Moving to an IP PBX system can be financially advantageous, resulting in lower long distance fees, lower hardware costs, and access to higher-end features for very little extra money. The salespeople who offer the systems are quick to point out these advantages, and they are correct—but before you sign on the dotted line, make sure you have the whole picture. There are other costs involved besides the retail price of the equipment, which may not be immediately obvious. Even with all indirect or “hidden” costs factored in, IP PBX is still often a wise decision, but it pays to be informed, and be aware of the big picture.
One of the first hidden costs you could potentially face is the cost of additional bandwidth.
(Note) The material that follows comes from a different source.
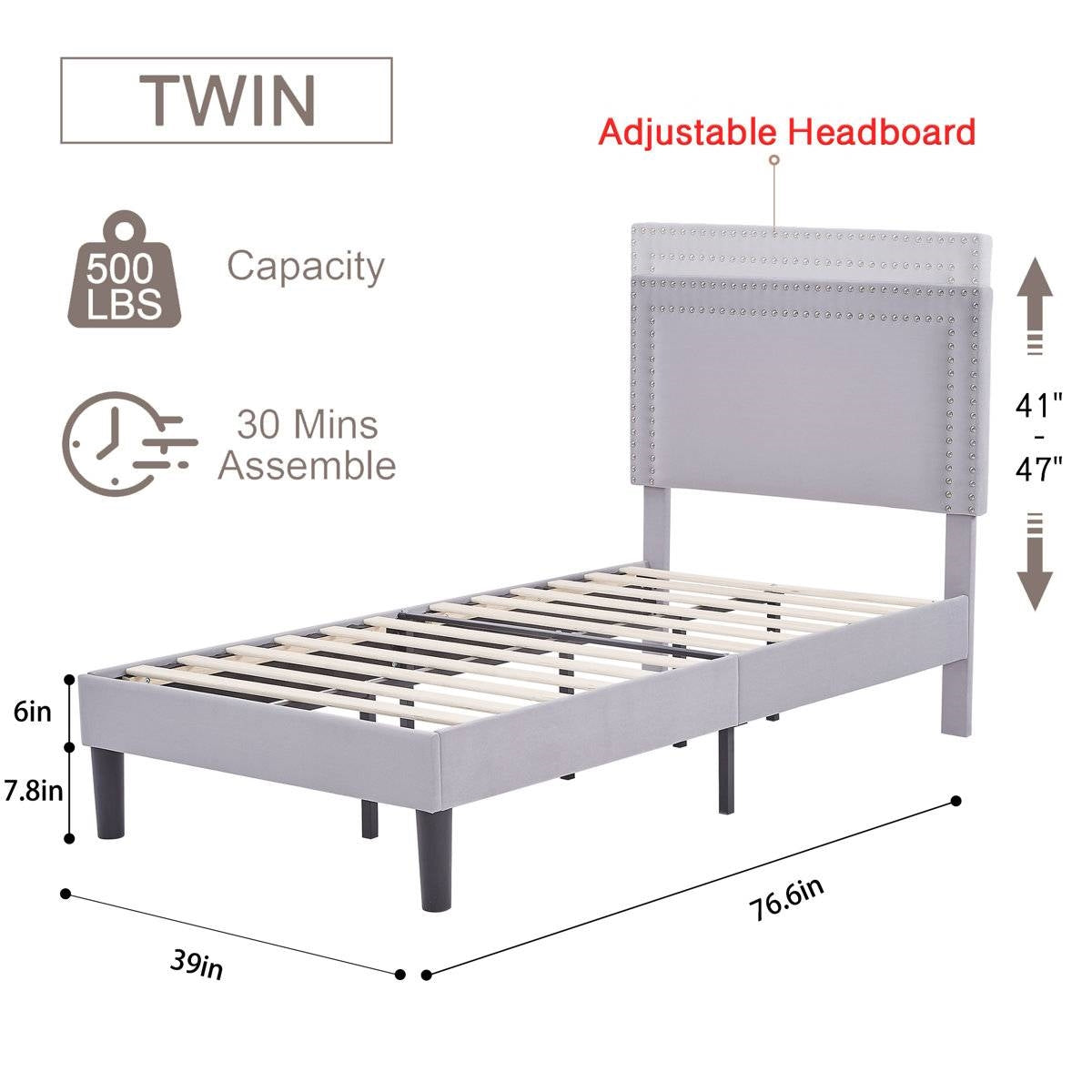 Set of 2 - Twin size Grey Upholstered Platform Bed Frame with Headboard HomePacific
If you are not already using VoIP, you must realize that once your IP PBX is installed, your voice traffic will be moving over your Internet connection, as opposed to the phone company’s copper wire. This will place an extra burden on your existing Internet connection, and you may need to upgrade for additional bandwidth. If you have a small office with only a few phones, and you have a DSL connection to the Internet, you may be able to get away with keeping your current bandwidth, but an upgrade may be in order, depending on how many phone lines you have and what your simultaneous usage may be. You may need to upgrade from DSL to a fractional T1, or if you have a fractional T1, you may need a full T1, and this will represent additional monthly cost.
If you’re moving to VoIP, you’ll need IP phones, since your old phones won’t work and won’t support the advanced features you’ll get from your IP PBX system. In many cases, this is a hard decision, since a large office may have tens of thousands of dollars tied up in telephones which are perfectly usable. You have a choice between purchasing all-new IP phones, or purchasing adapters for your existing phones. The adapter option may save some money, but it may be defeating the purpose of deploying the IP PBX in the first place. The modern IP phones are built with IP telephony in mind, and are ready to take advantage of the many new features that would not be supported on your old phones with just an adapter.
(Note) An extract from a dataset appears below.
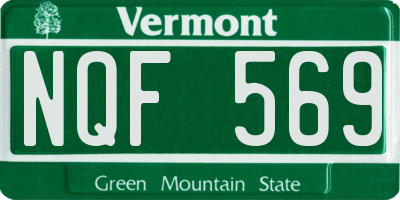 VT license plate NQF569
If you’re running an on-premises IP PBX, you need to either have skilled staff on site, or use the services of a professional who will install the IP PBX at your facility. Ideally, this installer will be able to switch over to the new system in a fairly transparent manner, so you are not faced with any substantial downtime; and in addition, they should also be able to take time to train you and your staff on how to use your new system.
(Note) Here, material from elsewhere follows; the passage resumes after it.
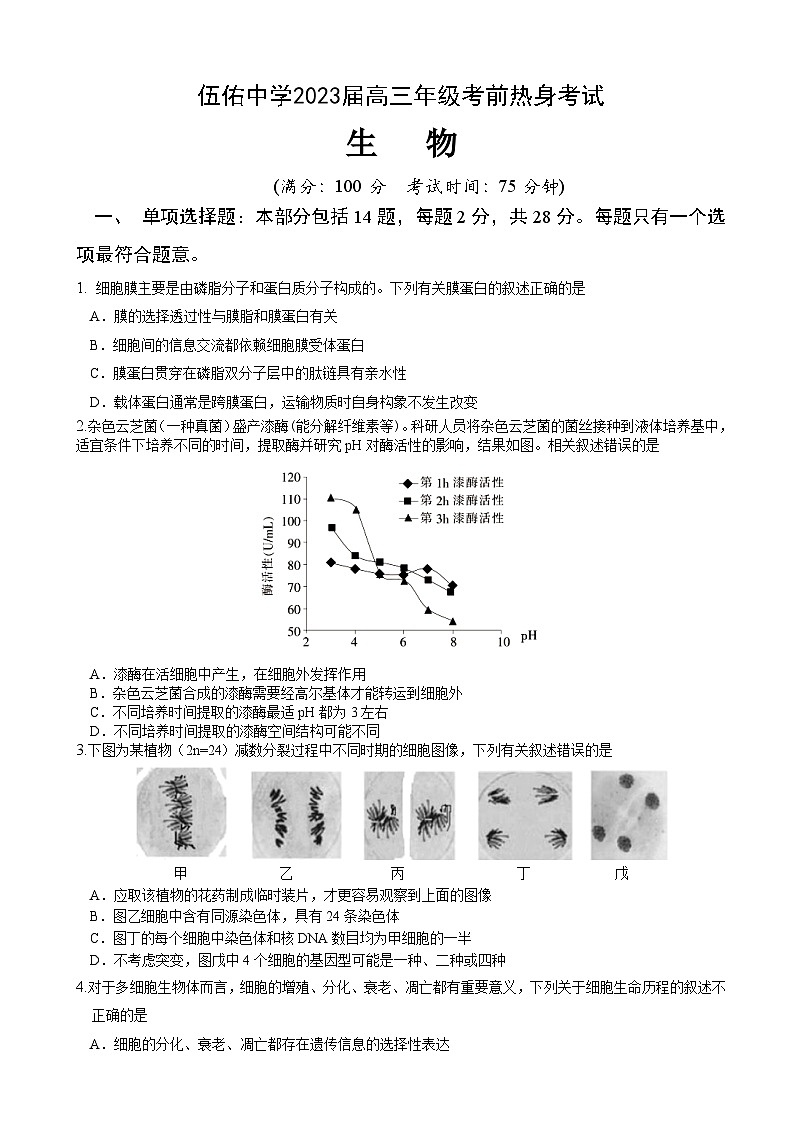 2023届江苏省盐城市伍佑中学高三考前热身考试生物试题及答案第1页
The high-end features of your IP PBX system will allow you to integrate your phone system with many existing applications. For example, your phone system could be integrated with your customer database, so that your call agents get a “screen pop” whenever a call comes in, showing not only who is calling, but their entire order history and sales notes. This type of integration adds to productivity, but may require some custom integration by professionals who understand both the IP PBX system, and the other applications with which it must work.